Illinois is funny because of the SE license.  Many people have nightmares getting the PE after passing the exam because they don't want you to even reference any structural experience (even though you passed the PE with the structural afternoon focus).  I haven't heard anyone with stories of rejected PDHs yet, but have heard multiple people saying this is apparently a thing or will be a thing soon.


----------



## BuzzKillington (Nov 1, 2019)

TheBigGuy said:


> I'm looking to move my PE license out of Illinois, maybe into Georgia.

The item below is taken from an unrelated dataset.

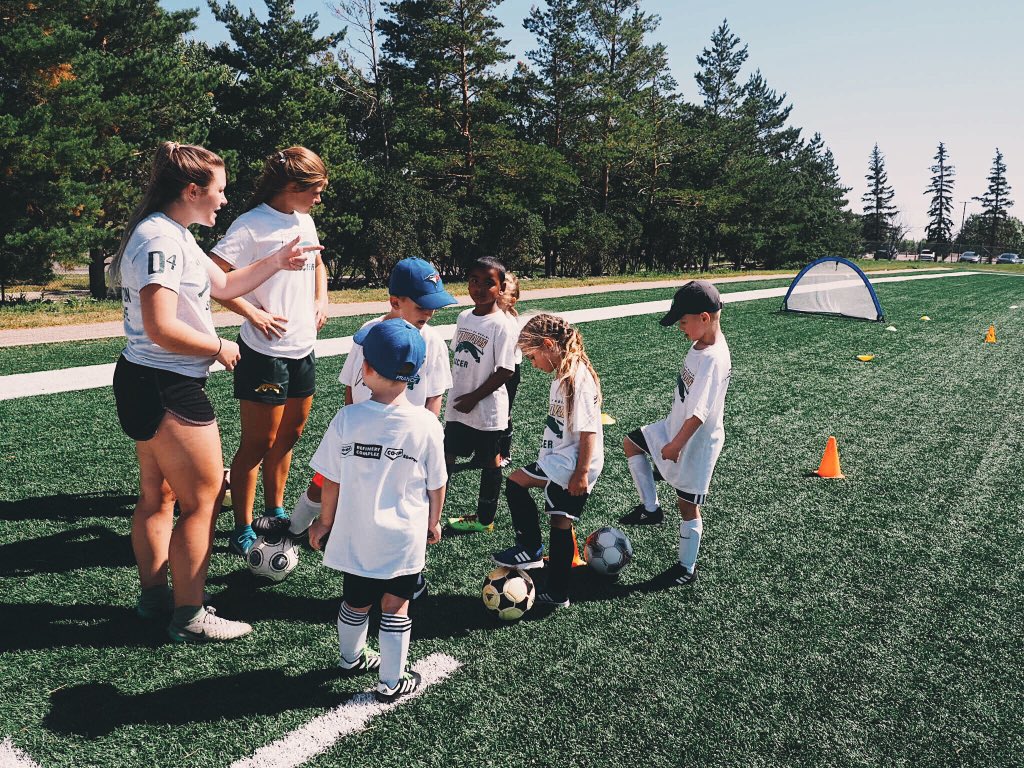 UofRSoccer's tweet photo. https://t.co/oYD3bR7DyJ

Have you passed the 16-hr SE test? If you haven't, I am afraid that Georgia board will probably refuse to hand you the GA PE license by comity. That's what I've seen happen to a couple of my colleagues.


----------



## JP87 (Nov 13, 2019)

Georgia will not issue a PE license if you plan on practicing anything structural related unless you've taken the 16 hr. Just got their rejection email last week. Took the SE this October....


----------



## David Connor SE (Nov 14, 2019)

If you aren't supposed to get continuing education in structural engineering, being a STRUCTURAL ENGINEER, then what are supposed to get it in?  Underwater basket weaving?  There's got to be a misunderstanding somewhere. 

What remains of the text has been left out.